Many people say authorities do such a poor job with incarceration that we should just do less of it, says Loeffler, who provides an overview of the research in the 2022 Annual Review of Criminology.

“An even better policy would be, can we use less of it, but when we do use it, can we do it differently?”

The United States began sending dramatically more people to jail and prison in the 1970s with an expectation that it would reduce crime. But crime rates didn’t begin falling until after 1990. Even after crime rates began to drop, incarceration rates continued to climb.

The theory that time behind bars will deter crime has its roots in the 18th century, when Italian jurist Cesare Beccaria and English criminologist Jeremy Bentham developed the idea of the rational criminal. They argued that all criminals are logical – that they analyse the costs and benefits of committing a crime and proceed only if there’s a net gain.

If punishments are swift, certain and proportional to the offence, they theorised, would-be criminals will conclude that crime doesn’t pay.

Beccaria’s and Bentham’s ideas fell out of favour by the second half of the 19th century, but were revived in the late 1960s by American economist Gary Becker. Becker’s work came as the United States was experiencing a massive crime wave, with violent crime in particular rising 126 per cent in just one decade.

The theory of the rational criminal suggested a solution, and helped to spur the “tough on crime” policies of the 1970s and 1980s that spawned a dramatic increase in the number of people serving time in US jails and prisons.

Yet there were already some hints that jail and prison might not deter crime. In the 1930s, observations by sociologist Clifford R. Shaw suggested that bringing criminals together could promote bad behaviour among troubled people leading to more crime rather than less. He wrote of prison as a “house of corruption” in which criminals might learn new techniques from each other. The work of other scholars in the 1950s and 1960s heightened this concern.

Today, a large body of research backs those early observations, concluding that jail time doesn’t discourage criminals from future crime.

In 2015, for example, an analysis by Swiss researchers looked at 14 studies that compared what happened when criminals were put behind bars to what happened when they were given some other sentence, such as probation or electronic monitoring, that allowed them to stay out of jail or prison. The researchers found that crime rates were just as high for people who’d spent time behind bars as for those who hadn’t.

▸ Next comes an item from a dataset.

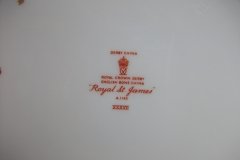 ROYAL CROWN DERBY ROYAL ST JAMES- DINNER PLATE  .....   ttps://jaapiesfinechinastore.com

In 2021, a much larger analysis of 116 studies reached a similar conclusion: Spending time behind bars either didn’t affect a person’s future crime risk or slightly increased it, compared with people who received a sentence that didn’t involve imprisonment.

That finding held true for men and women, young people and adults, people who served time in county jails and those housed in state prisons. In no situation did time behind bars reduce a criminal’s risk of future crime, Damon Petrich of the University of Cincinnati reported in the journal Crime and Justice.

It’s possible, of course, that the people who are sentenced to serve time are more likely to commit crime in the first place – in other words, maybe they get put behind bars precisely because judges recognize that they are a crime risk.

That could explain the small increased likelihood that a person will commit future crimes after spending time behind bars. To tackle this question, Loeffler and his Annual Review co-author Daniel Nagin, a criminologist at Carnegie Mellon University, collected a set of 13 carefully designed studies looking at court systems that did things differently: They randomly assigned criminal cases to judges within the court (in other court systems, case assignment isn’t random).

If the future crime rate ended up lower for people sentenced by lenient judges than by judges who sent more people to jail, it would be clear evidence that time in jail – not any quality within the criminals themselves – was making the difference.

When Loeffler and Nagin combed through the data, though, they found that the recidivism rate – the rate of future crime – was generally similar for the cases decided by lenient judges and those decided by more punitive judges. In other words, spending time in jail didn’t increase crime, but it didn’t decrease it either.